Items from a dataset:
------------------------------------------------------------------------

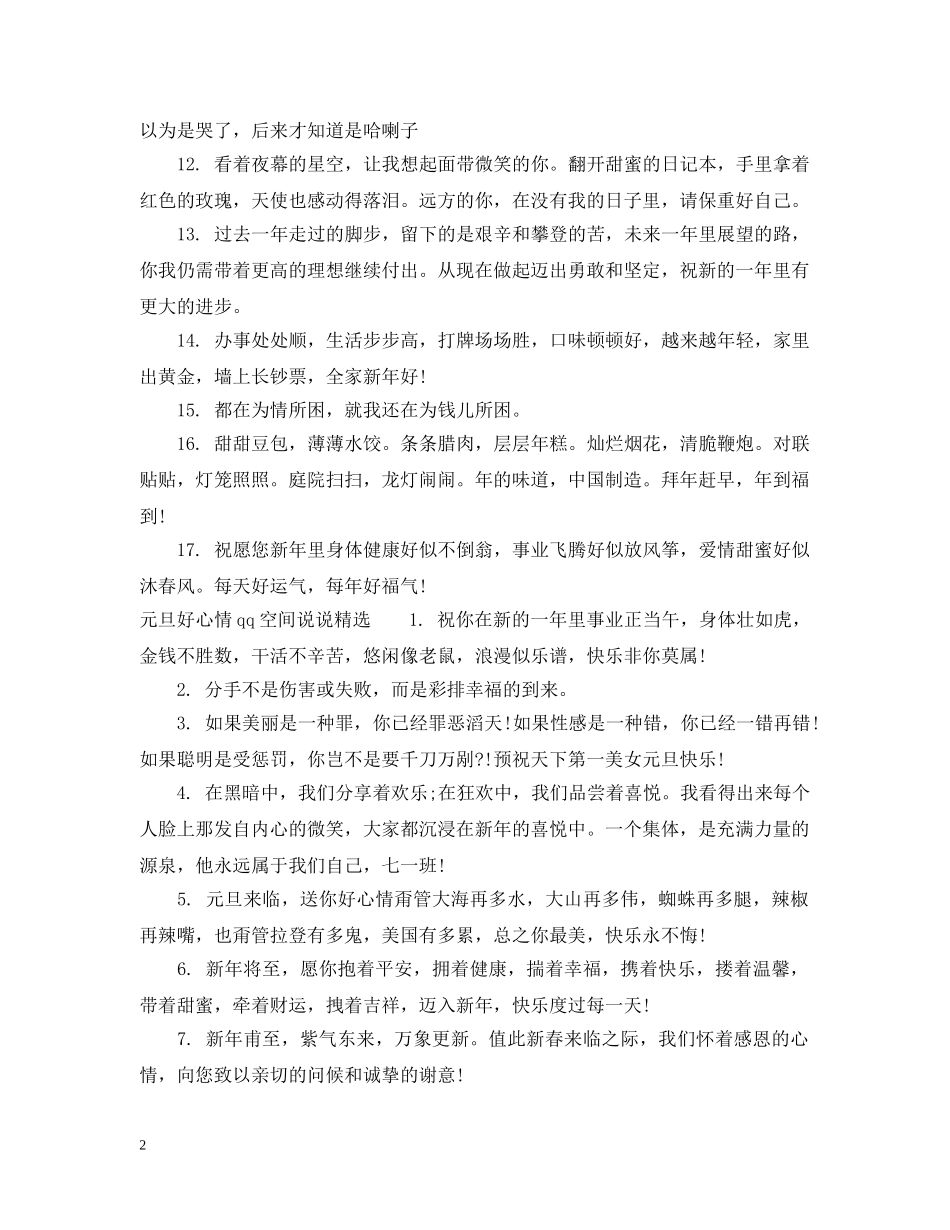 元旦好心情qq空间说说经典有个性_第2页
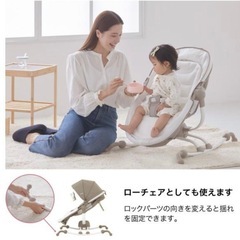 【値下】KATOJI バウンサー ターン360°（吊り下げおもちゃ付き） 定価16,280円　簡易ベビーベッドの画像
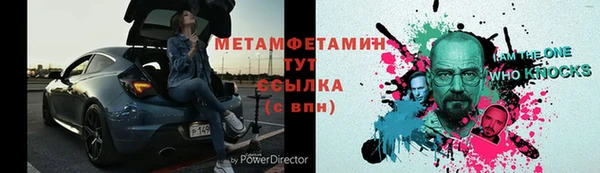 синтетический гашиш Бугульма
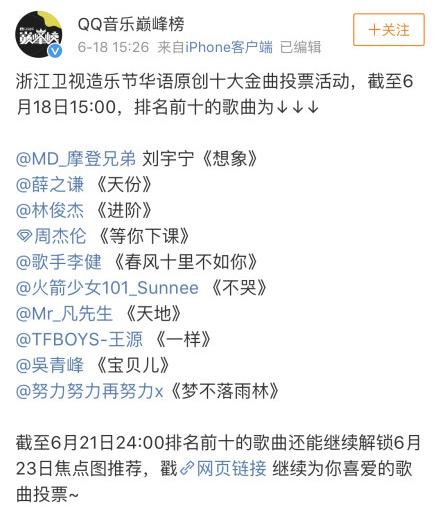 梦不落雨林简谱_张艺兴梦不落雨林图片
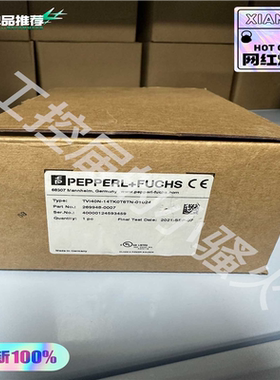 (询价)倍加福TVI40N-14TK0T3TN-01024编码器26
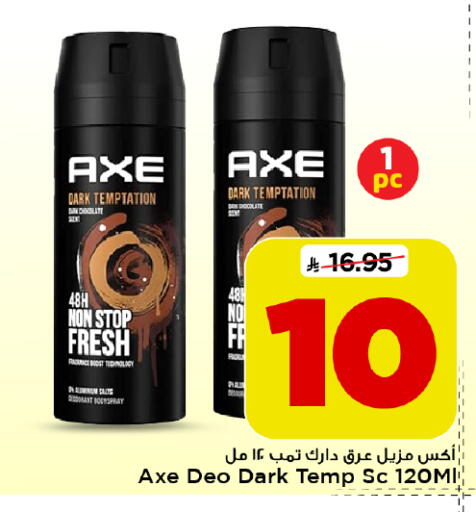 available at Mark & Save in KSA, Saudi Arabia, Saudi - Al Hasa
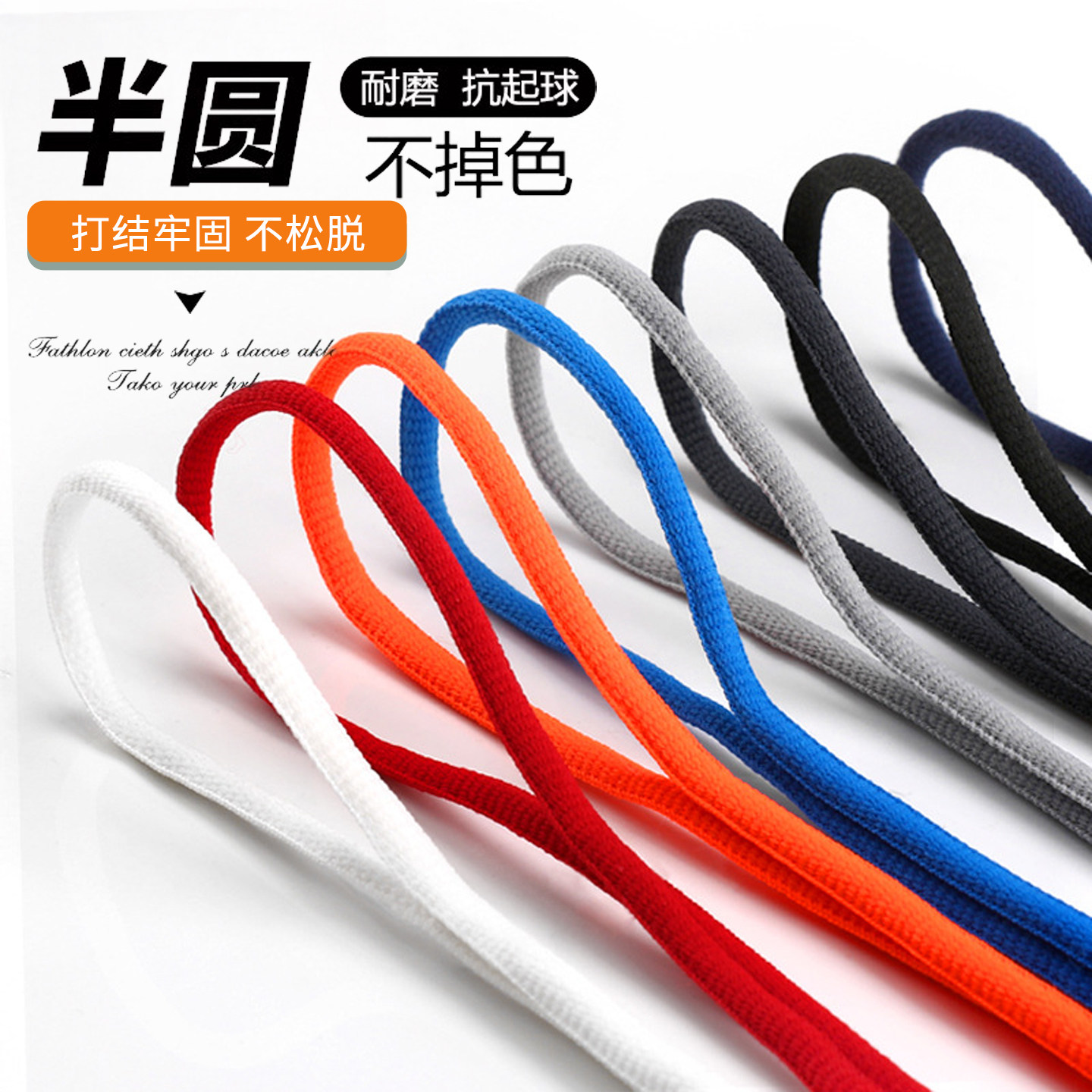 运动鞋鞋带男圆形老爹鞋鞋带女款篮球鞋专用黑色白色半圆形鞋带绳,服饰配件/皮带/帽子/围巾,鞋带,淘宝优惠券,粉丝福利购,淘宝优惠卷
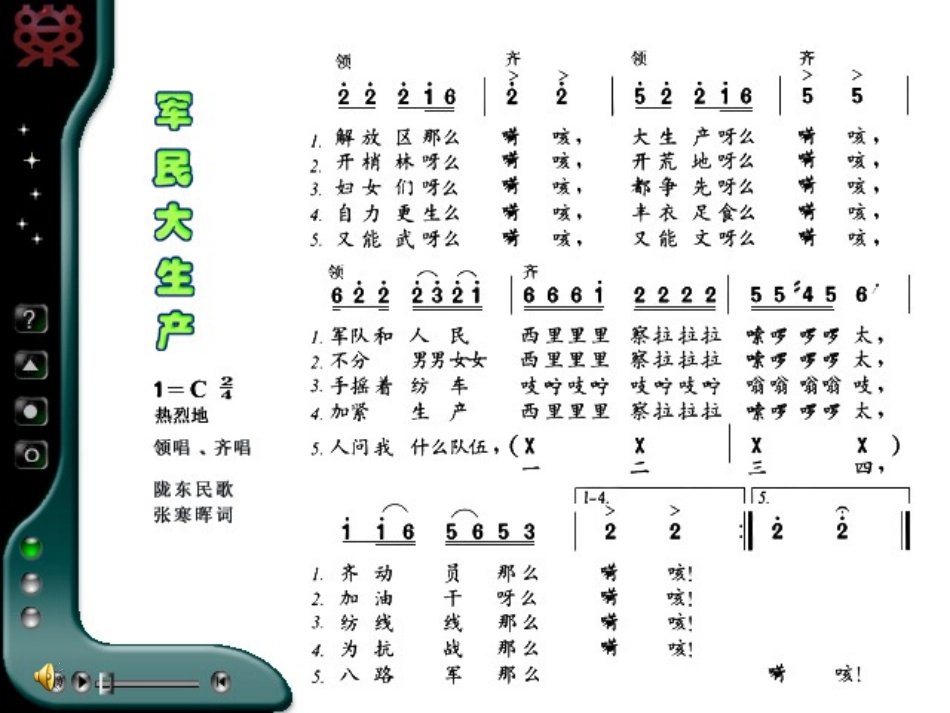 军民大生产课件_第3页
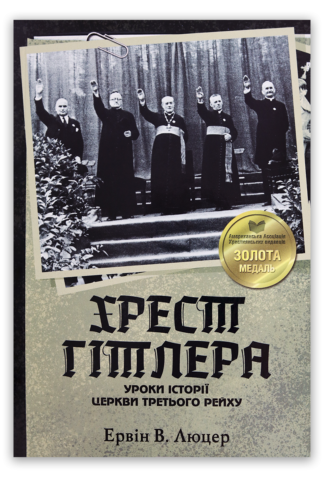 <strong>Хрест Гітлера</strong> - Ервін Люцер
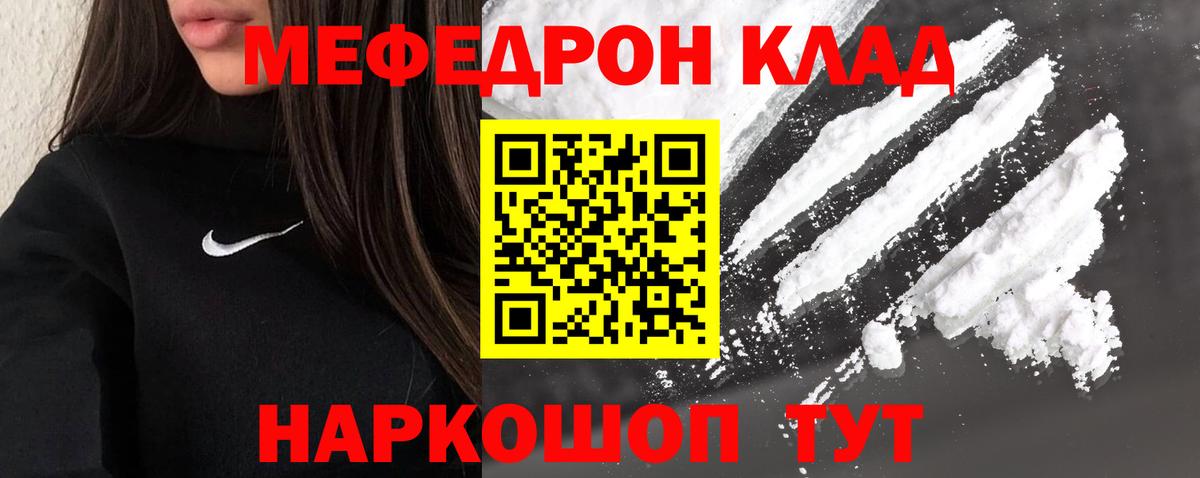 Меф мяу мяу мука Кохма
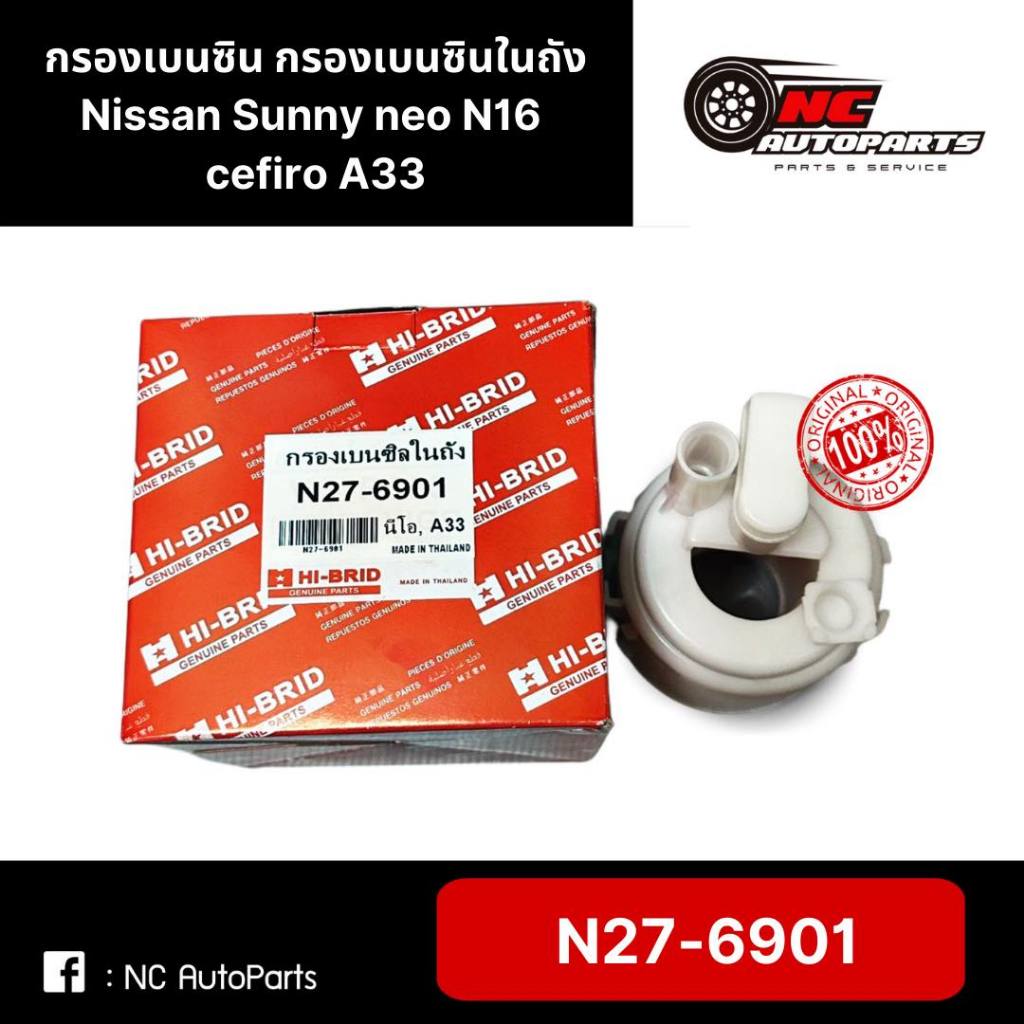กรองเบนซิน กรองเบนซินในถัง Nissan Sunny neo N16 cefiro A33 ยี่ห้อ HI-BRID รหัส N27-6901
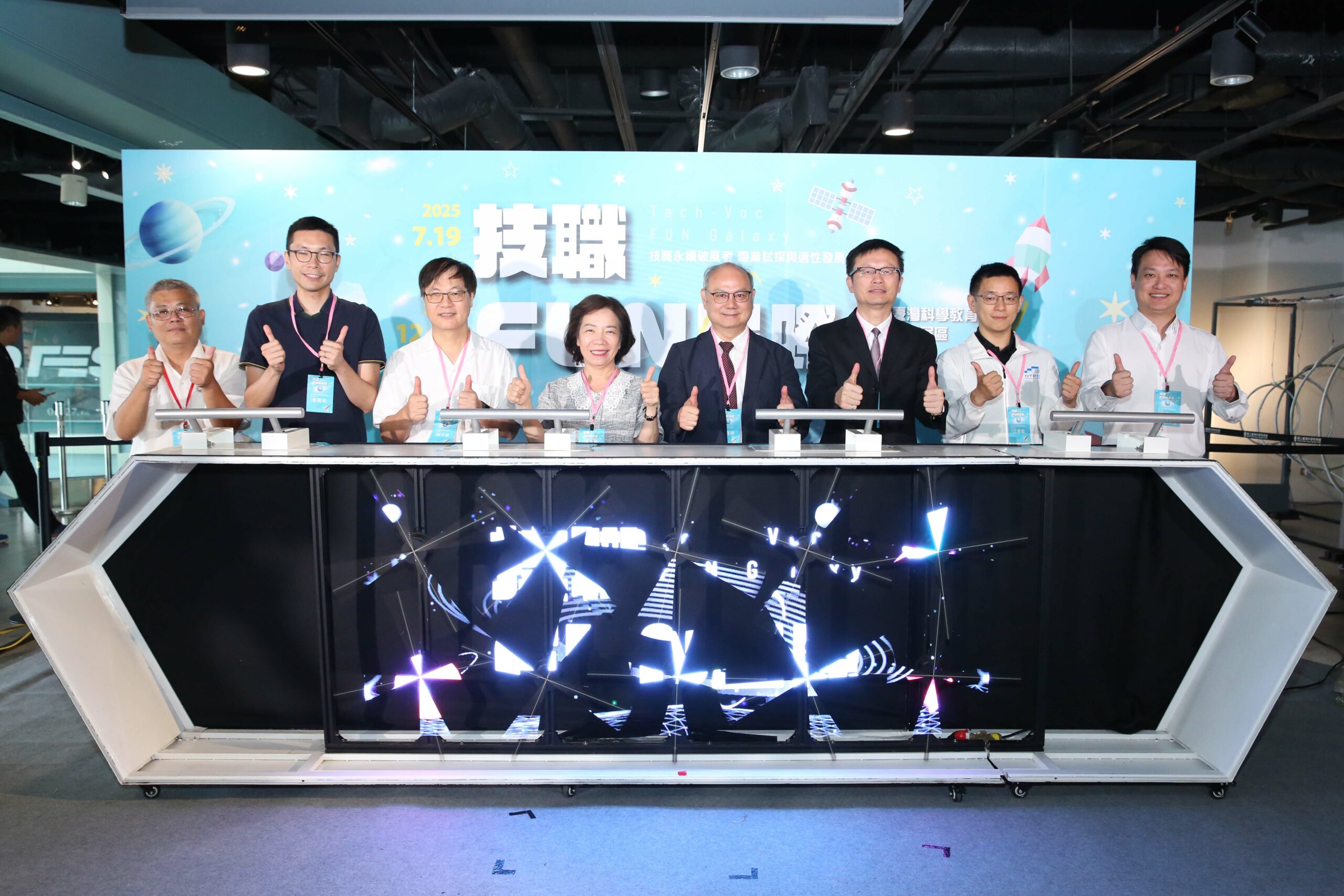 龍華科大攜手科教館 「技職FUN星際」職業探索展盛大登場 656gwdqe 1 scaled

------------------------------------------------------------------------

--- Exercise aim ---
All of the data must be set down exactly, with no pictures included.

--- Solution for this problem ---
 元旦好心情qq空间说说经典有个性_第2页
 【値下】KATOJI バウンサー ターン360°（吊り下げおもちゃ付き） 定価16,280円　簡易ベビーベッドの画像
 синтетический гашиш Бугульма
 梦不落雨林简谱_张艺兴梦不落雨林图片
 (询价)倍加福TVI40N-14TK0T3TN-01024编码器26
 available at Mark & Save in KSA, Saudi Arabia, Saudi - Al Hasa
 运动鞋鞋带男圆形老爹鞋鞋带女款篮球鞋专用黑色白色半圆形鞋带绳,服饰配件/皮带/帽子/围巾,鞋带,淘宝优惠券,粉丝福利购,淘宝优惠卷
 军民大生产课件_第3页
 <strong>Хрест Гітлера</strong> - Ервін Люцер
 Меф мяу мяу мука Кохма
กรองเบนซิน กรองเบนซินในถัง Nissan Sunny neo N16 cefiro A33 ยี่ห้อ HI-BRID รหัส N27-6901
 龍華科大攜手科教館 「技職FUN星際」職業探索展盛大登場 656gwdqe 1 scaled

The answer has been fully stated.